Source material:

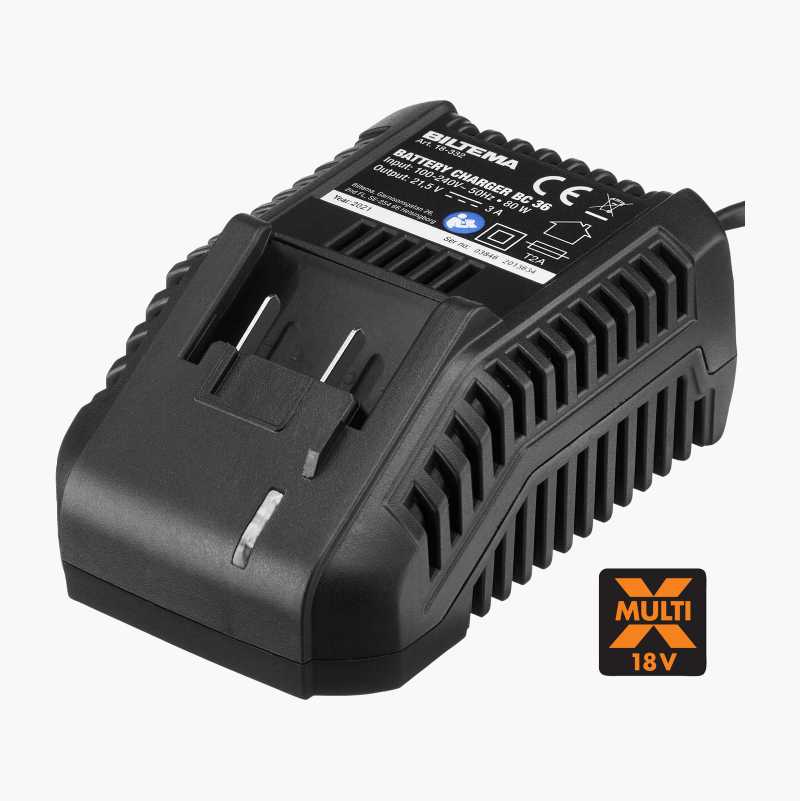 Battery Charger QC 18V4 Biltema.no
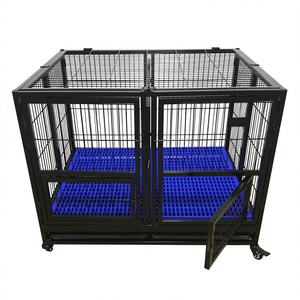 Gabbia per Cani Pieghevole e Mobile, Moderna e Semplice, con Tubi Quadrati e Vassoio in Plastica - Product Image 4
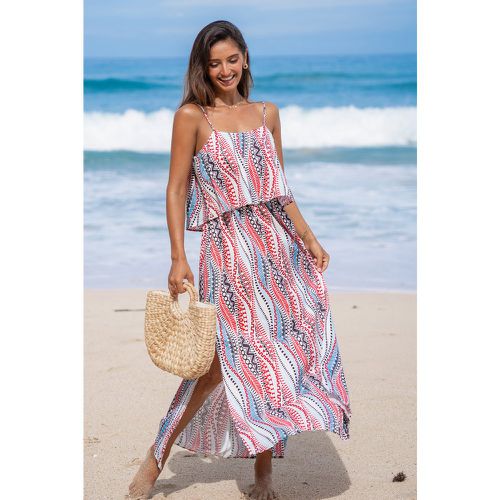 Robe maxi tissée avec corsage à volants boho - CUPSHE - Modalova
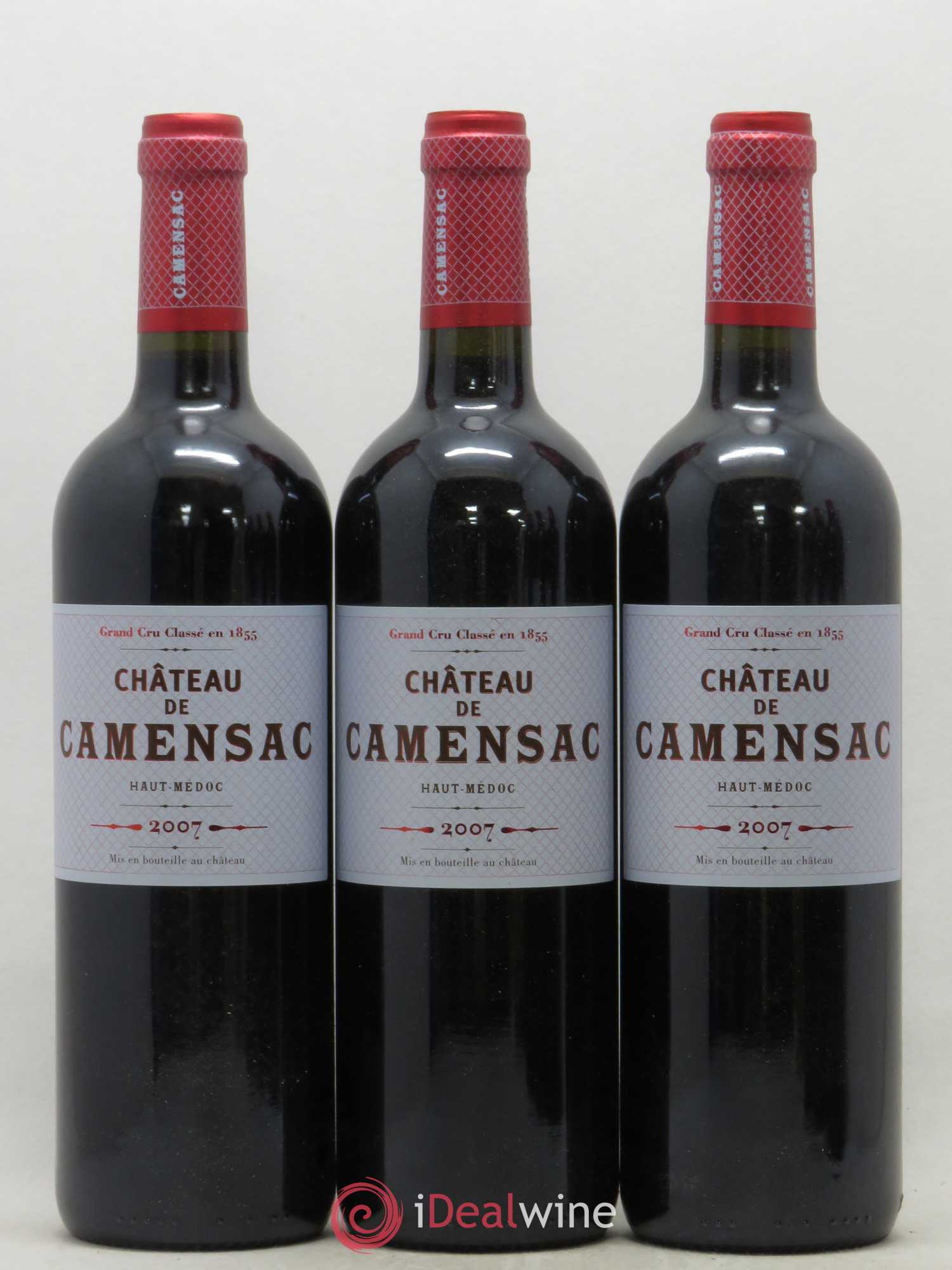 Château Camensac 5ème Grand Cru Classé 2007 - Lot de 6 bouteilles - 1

Problem to solve:
Once the pictures are set aside, give the rest of the listing again exactly.

Solution for this exercise:
 Battery Charger QC 18V4 Biltema.no
 Gabbia per Cani Pieghevole e Mobile, Moderna e Semplice, con Tubi Quadrati e Vassoio in Plastica - Product Image 4
 Robe maxi tissée avec corsage à volants boho - CUPSHE - Modalova
 Château Camensac 5ème Grand Cru Classé 2007 - Lot de 6 bouteilles - 1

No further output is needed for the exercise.